Blindsight vs Echopraxia

Very small blog post as I am noodling and working on a new release of Blindsight.

I've said before that Blindsight "supports" structured logging. Echopraxia "requires" structured logging. It occurs to me that this is really a bit backwards.

Structured logging typically talks about the output of logging: mapping whatever data you have in the logging event into JSON. But this doesn't talk about the inputs – how you provide the JSON with something to chew on. More accurately, we should call most structured logging "structured output" because the output is structured even when most of the input isn't.

So what is a structured input? A structured input is a reliable key/value pair, where the key is typically a string.

For a long time in SLF4J, MDC was the only way to reliably establish a key/value pair in SLF4J, but it wasn't complete because it could only take a string as the value. Then logstash-logback-encoder added event specific custom fields, but the value was still java.lang.Object and it is not a consistent structure – for example, you can't specify a StructuredArgument as the value of another StructuredArgument, and building up a complex semi-structured object is not possible.

Blindsight gives you the option of providing structured input using an Argument with DSL, and does have a consistent structure. But Blindsight doesn't require that of you. You can mix and match structured and unstructured input, and it's fine:

import com.tersesystems.blindsight.DSL._
logger.info("unstructured = {} structured = {}", "string", bobj("instant" -> Instant.now))

Echopraxia requires all input to have structure, by converting input into Field instances through a FieldBuilder and instead of varadic arguments, there's a FieldBuilder => FieldBuilderResult function. For the Scala API, it looks like this:

logger.debug("{}", _.keyValue("foo" -> "bar"))

So why require structured input?

The big answer is that structured input is valuable for developing in the large.
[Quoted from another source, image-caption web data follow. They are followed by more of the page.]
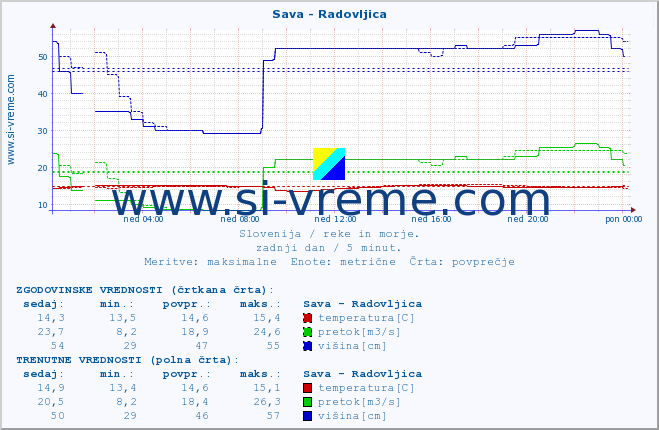 POVPREČJE :: Sava - Radovljica :: temperatura | pretok | višina :: zadnji dan / 5 minut.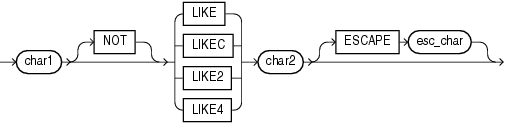 like_condition.epsの説明が続きます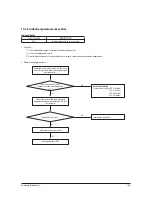 Preview for 81 page of Samsung AR18HSFNBWKNEU Service Manual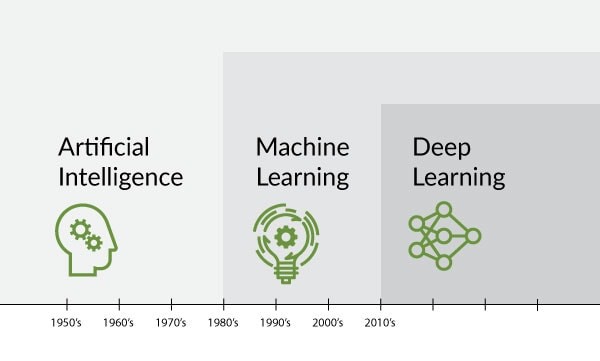 هوش مصنوعی،یادگیری ماشین و یادگیری عمیق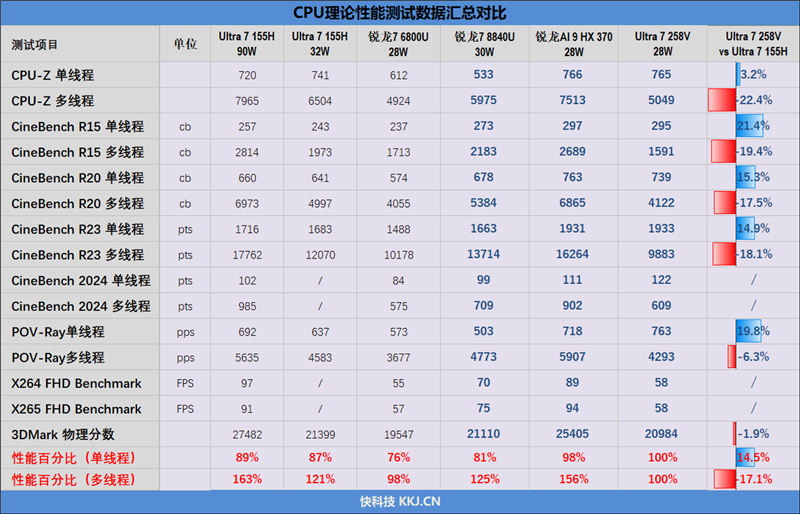 23小时续航创造历史！华硕灵耀14 Air+酷睿Ultra 200V系列处理器首发评测  第39张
By and large, structured formats are the norm in any kind of service: Protobuf, Avro, Parquet, HTTP parameters, and so on. Being able to carry structure over and through into logging adds coherence and allows logging-specific serialization of complex objects.

The more detailed answer is that once you can rely on structured input, you can query and filter your log events vastly more effectively. You can also choose how to render fields in the event, not just in JSON but also for line oriented encoders. For example, you can say %fields{$.request_id} and render only request_id value using a custom converter with a pattern encoder in Logback:

<configuration>
    <conversionRule conversionWord="fields" converterClass="com.tersesystems.echopraxia.logstash.FieldConverter"/>    
    <appender name="STDOUT" class="ch.qos.logback.core.ConsoleAppender">
        <encoder>
            <pattern>
                %-4relative [%thread] %-5level [%fields{$.request_id}] %logger - %msg%n
            </pattern>
        </encoder>
    </appender>

    <root level="DEBUG">
        <appender-ref ref="STDOUT"/>
    </root>
</configuration>

Can you do this with unstructured input, or with a mix of structured and unstructured input? Sort of. Imagine your input is a list of random Object with the only real guarantee that toString will return a String. If you are given an object that contains an array, how do you query and filter on that component? You have to explictly cast to the type, and then query on it. This is very difficult to do from inside a Logback filter, which is usually kept apart from the domain classes.

So my argument is that it's a trade off. Blindsight takes a permissive approach and requires type safety, but does not require structure. Echopraxia takes a stricter approach and requires both type safety and structure, with more control over output.